Intermolecular Forces: London (Dispersion)
- London forces are attractions between molecules due to instantaneous dipoles.
- All atoms and molecules are instantaneously polar due to the random motion of e-1’s.
- That is, the e-1 density can instantaneously (not permanently)
be greater on one side of an atom than on the other.
- This results in a weak attractive force between all molecules, whether polar or not.
- Long-chain hydrocarbon molecules can twist around each other.
This creates numerous contact points between atoms for their London forces.
As a result, longer hydrocarbon chains have higher boiling points.
Intermolecular Forces: Hydrogen Bonding
- H-bonding is an especially strong polar attraction that occurs
where an H atom is attached to an N, O, or F atom.
- These H atoms are +, and they bond with the nearby N, O and F atoms, which are −.
- See H-bonding for water in Fig 11.25.
- CH3OH (methanol) can H-bond because it has a − O attached to a + H.
However, the three H’s attached to the C are not + and cannot H-bond.

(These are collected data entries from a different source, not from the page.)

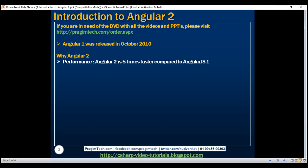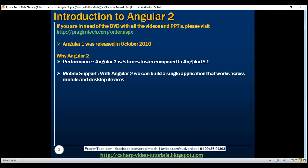Mobile support. Angular 1 was not built for mobile devices. It's possible to run Angular 1 on mobile, but we'll have to use third-party frameworks for that. Angular 2, on the other hand, is designed from the ground up with mobile support in mind. Mobile device features and limitations like touch interfaces, limited screen real estate, and mobile hardware have all been considered while designing Angular 2. With Angular 2, we can build a single application that works across mobile and desktop devices.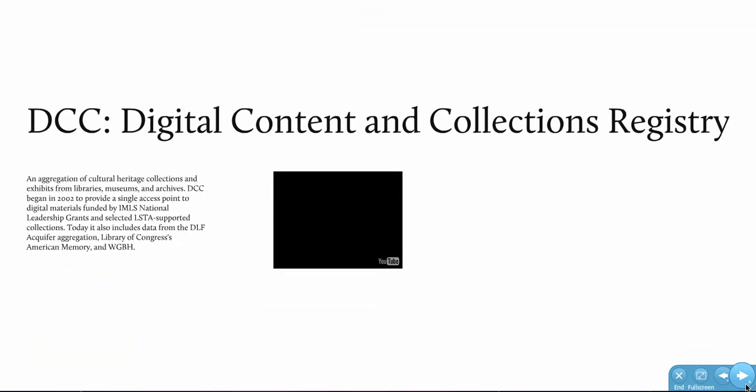To understand how the DCC could be used as a foundation for DPLA, you have to first understand what makes up the content, principles, and processes of the DCC.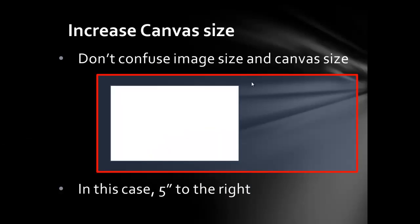Increase the canvas size. Don't confuse the image size and the canvas size. In this case, make it about 5 inches with the extra space to the right.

Relative Strengths of Intermolecular Forces
- The strength order for intermolecular forces is H-Bonding > Dipole > London.
- As intermolecular forces increase, the vapor P will decrease,
and the boiling point will increase.
Ex 11.5 Strengths of Intermolecular Forces
- CH4 (methane) is nonpolar, with only London forces.
- CHCl3 (chloroform) is polar, with Dipole and London forces, but cannot H-Bond.
- CH3CH2CH2CH2OH (butyl alcohol) has a + H and a − O.
So, it possesses H-Bonding, Dipole and London forces.
- The overall result for intermolecular forces is: CH3CH2CH2CH2OH > CHCl3 > CH4.
Ex 11.6 Relation between Intermolecular Forces and Vapor Pressure
- Vapor Pressures decrease as intermolecular forces increase
and hold molecules together more tightly.
- Carbon dioxide is nonpolar (London only).
- Dimethyl ether has polar C-O bonds, but no + H (Dipole and London).
- Ethanol has a + H and a − O (H-Bonding, Dipole and London).
- Vapor Pressure trend is opposite of trend for strength of intermolecular forces.
The molecule with the lowest amount of intermolecular forces has the highest vapor pressure.
The overall result for vapor pressure is: carbon dioxide > dimethyl ether > ethanol.